Я же изначально почему начал Нарой интересоваться. В 41-м году Нару отстояли в основном ополченческие дивизии. Не было же никого. Ну и, по правде сказать, под тысячу человек тех, кто убегал. Я все это понимаю. Война начиналась. В цеху, на заводе, старик какой-нибудь, наверное, подумал: «О! Да мы сейчас немцев!» Он же не знает, что к чему.
Я про ополченцев много всего узнал за жизнь. Их же обмундировали в самое ненужное, оружие — самое неудобное, «Гочкисс»[23], патроны французские, все говно у них было — и вперед.

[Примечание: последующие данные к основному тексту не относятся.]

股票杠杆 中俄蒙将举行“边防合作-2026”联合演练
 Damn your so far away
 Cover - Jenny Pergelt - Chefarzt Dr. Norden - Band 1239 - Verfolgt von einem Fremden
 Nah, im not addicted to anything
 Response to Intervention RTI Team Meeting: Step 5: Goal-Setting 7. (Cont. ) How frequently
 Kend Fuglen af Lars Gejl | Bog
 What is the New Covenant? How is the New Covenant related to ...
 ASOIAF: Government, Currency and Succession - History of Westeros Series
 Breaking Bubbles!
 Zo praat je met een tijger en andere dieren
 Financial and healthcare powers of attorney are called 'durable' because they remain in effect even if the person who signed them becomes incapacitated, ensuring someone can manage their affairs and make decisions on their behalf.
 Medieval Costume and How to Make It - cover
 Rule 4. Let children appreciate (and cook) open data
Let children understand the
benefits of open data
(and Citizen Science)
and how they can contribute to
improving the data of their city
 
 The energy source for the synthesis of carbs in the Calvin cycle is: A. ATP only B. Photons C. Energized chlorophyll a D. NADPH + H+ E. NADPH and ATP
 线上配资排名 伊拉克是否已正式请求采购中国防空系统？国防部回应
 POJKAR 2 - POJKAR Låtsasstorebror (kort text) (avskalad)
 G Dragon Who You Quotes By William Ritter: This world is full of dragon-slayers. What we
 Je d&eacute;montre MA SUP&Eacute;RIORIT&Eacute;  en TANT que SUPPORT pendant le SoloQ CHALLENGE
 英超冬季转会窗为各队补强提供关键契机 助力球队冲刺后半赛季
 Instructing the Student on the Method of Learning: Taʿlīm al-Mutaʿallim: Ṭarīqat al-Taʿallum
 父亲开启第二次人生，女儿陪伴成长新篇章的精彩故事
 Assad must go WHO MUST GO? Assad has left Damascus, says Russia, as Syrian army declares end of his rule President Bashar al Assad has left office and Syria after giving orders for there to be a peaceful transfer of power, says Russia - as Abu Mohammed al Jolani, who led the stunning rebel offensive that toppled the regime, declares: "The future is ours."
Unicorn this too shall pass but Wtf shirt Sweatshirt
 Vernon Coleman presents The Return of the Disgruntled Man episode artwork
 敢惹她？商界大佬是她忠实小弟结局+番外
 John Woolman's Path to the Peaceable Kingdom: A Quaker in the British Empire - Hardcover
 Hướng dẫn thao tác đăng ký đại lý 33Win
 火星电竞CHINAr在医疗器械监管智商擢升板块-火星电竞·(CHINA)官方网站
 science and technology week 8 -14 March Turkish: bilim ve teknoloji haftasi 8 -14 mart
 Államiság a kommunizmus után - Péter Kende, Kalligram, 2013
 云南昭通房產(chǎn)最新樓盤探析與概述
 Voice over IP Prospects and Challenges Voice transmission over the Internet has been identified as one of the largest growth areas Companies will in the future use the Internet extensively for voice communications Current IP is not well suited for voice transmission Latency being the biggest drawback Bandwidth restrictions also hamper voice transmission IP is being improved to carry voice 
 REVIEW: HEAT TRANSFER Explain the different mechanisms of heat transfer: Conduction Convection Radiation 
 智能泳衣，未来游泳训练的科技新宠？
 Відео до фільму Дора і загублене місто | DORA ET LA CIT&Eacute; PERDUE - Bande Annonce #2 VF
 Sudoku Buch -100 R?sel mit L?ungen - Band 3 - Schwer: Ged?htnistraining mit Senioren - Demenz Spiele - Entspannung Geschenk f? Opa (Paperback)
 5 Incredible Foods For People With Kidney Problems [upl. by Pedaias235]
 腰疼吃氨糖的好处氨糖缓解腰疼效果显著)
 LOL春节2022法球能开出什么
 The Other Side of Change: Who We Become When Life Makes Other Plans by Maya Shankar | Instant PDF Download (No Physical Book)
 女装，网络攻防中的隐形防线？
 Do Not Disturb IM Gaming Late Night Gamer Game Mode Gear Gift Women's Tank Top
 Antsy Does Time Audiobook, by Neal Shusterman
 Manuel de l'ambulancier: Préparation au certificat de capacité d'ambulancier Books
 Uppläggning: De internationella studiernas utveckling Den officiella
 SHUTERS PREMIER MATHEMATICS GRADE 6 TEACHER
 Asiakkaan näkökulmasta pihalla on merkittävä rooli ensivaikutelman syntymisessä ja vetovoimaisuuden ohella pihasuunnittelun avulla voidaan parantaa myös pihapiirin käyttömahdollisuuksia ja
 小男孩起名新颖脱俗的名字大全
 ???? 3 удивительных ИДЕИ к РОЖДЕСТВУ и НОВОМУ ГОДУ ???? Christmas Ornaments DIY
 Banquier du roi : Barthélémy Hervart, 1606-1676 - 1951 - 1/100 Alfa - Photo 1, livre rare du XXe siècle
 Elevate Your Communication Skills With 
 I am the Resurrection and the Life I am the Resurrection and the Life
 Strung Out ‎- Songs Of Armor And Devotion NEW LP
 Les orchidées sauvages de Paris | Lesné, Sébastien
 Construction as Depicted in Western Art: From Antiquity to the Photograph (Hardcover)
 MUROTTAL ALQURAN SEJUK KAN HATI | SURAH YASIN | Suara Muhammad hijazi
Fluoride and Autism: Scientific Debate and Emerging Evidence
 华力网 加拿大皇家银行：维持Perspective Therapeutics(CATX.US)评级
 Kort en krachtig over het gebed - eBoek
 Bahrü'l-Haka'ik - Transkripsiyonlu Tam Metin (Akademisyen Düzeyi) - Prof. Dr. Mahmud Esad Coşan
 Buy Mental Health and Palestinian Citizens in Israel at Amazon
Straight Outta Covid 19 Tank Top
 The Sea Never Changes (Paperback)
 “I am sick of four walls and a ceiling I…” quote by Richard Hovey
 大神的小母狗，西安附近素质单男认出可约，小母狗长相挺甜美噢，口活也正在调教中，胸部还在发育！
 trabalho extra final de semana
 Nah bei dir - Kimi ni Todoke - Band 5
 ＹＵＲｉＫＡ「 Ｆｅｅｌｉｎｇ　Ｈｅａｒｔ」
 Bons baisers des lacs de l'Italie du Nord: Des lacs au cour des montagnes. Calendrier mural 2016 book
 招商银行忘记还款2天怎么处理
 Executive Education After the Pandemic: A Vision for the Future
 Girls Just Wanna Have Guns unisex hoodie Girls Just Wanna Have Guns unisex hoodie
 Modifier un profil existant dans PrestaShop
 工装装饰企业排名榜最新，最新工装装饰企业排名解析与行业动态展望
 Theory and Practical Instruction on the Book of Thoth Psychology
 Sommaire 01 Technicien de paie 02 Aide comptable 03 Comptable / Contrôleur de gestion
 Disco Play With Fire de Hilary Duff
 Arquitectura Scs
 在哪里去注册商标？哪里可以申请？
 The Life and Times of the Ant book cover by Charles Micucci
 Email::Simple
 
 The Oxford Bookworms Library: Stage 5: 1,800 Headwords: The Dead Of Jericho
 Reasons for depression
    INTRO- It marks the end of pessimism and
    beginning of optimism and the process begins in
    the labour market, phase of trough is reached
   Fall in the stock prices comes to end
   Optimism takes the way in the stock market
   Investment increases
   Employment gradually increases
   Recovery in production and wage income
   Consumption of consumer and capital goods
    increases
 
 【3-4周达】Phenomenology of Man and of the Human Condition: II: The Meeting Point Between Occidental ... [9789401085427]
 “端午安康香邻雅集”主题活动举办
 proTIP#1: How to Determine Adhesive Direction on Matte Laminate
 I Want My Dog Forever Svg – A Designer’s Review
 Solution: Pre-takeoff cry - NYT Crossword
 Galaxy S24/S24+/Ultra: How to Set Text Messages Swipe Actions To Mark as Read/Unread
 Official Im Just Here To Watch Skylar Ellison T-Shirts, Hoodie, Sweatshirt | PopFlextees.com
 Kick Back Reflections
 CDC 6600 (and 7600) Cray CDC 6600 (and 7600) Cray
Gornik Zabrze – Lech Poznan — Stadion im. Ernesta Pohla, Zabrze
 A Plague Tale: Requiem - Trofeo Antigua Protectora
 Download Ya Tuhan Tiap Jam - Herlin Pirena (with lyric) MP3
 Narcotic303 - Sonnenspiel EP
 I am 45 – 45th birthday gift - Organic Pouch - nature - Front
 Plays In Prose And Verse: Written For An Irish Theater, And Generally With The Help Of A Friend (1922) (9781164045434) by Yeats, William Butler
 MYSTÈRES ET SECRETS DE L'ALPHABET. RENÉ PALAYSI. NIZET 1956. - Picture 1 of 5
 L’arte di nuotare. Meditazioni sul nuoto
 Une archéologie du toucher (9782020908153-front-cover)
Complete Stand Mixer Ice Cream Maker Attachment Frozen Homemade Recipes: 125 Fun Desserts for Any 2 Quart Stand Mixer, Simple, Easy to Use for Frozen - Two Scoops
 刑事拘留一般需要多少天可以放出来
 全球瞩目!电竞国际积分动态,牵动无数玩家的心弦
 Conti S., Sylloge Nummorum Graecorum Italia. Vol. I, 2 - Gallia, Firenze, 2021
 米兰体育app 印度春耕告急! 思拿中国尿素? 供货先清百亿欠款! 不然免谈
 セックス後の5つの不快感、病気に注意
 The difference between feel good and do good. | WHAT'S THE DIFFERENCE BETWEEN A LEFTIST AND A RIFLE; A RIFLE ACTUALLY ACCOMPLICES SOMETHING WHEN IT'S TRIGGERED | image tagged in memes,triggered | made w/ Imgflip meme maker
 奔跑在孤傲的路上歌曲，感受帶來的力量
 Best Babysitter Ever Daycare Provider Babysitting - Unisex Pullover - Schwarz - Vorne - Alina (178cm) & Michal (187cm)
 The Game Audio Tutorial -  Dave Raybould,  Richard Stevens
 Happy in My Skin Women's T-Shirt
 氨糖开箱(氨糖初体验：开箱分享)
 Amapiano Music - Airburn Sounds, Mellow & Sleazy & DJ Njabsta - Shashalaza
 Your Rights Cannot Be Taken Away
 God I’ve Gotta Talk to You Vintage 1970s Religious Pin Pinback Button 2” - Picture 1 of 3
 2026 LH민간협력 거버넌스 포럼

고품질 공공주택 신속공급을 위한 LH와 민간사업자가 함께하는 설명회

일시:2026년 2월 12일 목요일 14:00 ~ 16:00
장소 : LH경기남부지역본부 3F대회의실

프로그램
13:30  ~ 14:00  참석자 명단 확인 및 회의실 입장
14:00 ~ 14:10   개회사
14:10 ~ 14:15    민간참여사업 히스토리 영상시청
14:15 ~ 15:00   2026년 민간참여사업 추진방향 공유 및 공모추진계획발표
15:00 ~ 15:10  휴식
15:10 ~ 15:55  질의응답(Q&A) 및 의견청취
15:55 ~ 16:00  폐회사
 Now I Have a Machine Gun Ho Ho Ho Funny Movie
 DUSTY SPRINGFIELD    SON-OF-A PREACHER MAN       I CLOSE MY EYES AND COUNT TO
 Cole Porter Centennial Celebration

Если дивизия ополченческая — 4 000 человек, а их, дивизий, было пять, то это получается, что записалось сразу 20 000 человек. Ну и те, кто комплектовал их, решили потом проверить: сформировали и отправили от Москвы в сторону фронта. Представляешь, где Очаково — это пятнадцать километров от Москвы. Так вот вышло 20 000, а на место, в Очаково, пришло 10 000. Старики — у них же отдышка, а ты попробуй зимой пройти пятнадцать километров. Понятно стало, что это тот еще вариант. Но все равно, ведь эти ДНО[24] стали потом полноценными дивизиями. А сколько под Нарой человек сдавалось... Я не хочу сказать, что они прям мясом своим заслонили, как любят писать. 113-я потом и танки подбила на Варшавке, и еще знаю. Но в начале, конечно, не очень. Это же были работяги.
Патроны же, все это снаряжение — деньги всё. Я же очень много этим занимался. У меня были специальные опросные листы — накрылись[25] — о том, как кто воевал: иные не рассказывали, иные, особенно если выпьют нормально, могли и подробно поговорить. И вот артиллерист один мне рассказывал, что всю жизнь хотел купить себе хромовые сапоги. Ну, деревенский мужик, копил, копил, пожар случился — и все потратил туда, никак не получалось. Потом — война. Попал в артиллерию, досталась «прощай, Родина», «сорокапятка»[26]. То есть, всегда на передовой, всё по полной программе.
На учебке когда тренировались, стреляют они, а им говорят, мол, вы берегите снаряды! А он и спросил, сколько снаряд-то стоит, гильза же, порох. Старший ему назвал цену, я уже не помню, по тем еще рублям. Допустим, 14 рублей 17 копеек. Тот говорит: «Блядь! Хромовые сапоги!» И с тех пор как стрельну, говорит, так думаю, что хромовые сапоги полетели. Стрельнешь бронебойным — стакан водки ушел, а тут — сапоги. А потом, говорит, в Германии уже увидели в магазинах кожи разные, иголки... Он так всё хотел сапоги, начал, когда разрешили отправлять оттуда ежемесячные посылки, высылать. Он тогда уже ушел из артиллерии в разведроту и потому лазил везде, в том числе и по магазинам. Говорит: «Я высылаю добро, высылаю, а из дома пишут, мол, ничего не приходит. У другого спросил — такая же бодяга. Потом сунулись в пересыльную почту эту, а там местные хуеплеты сами посылки вскрывают, своих же, советских солдат». Эти разозлились: «Мы воюем, а они тут на почте сидят, еще и обворовывают!» Договорились они перед уходом в тыл противотанковыми гранатами это отделение разбить — поди там разберись, кто это сделал, может, диверсанты. Но кто-то донес командиру, и не получилось у них.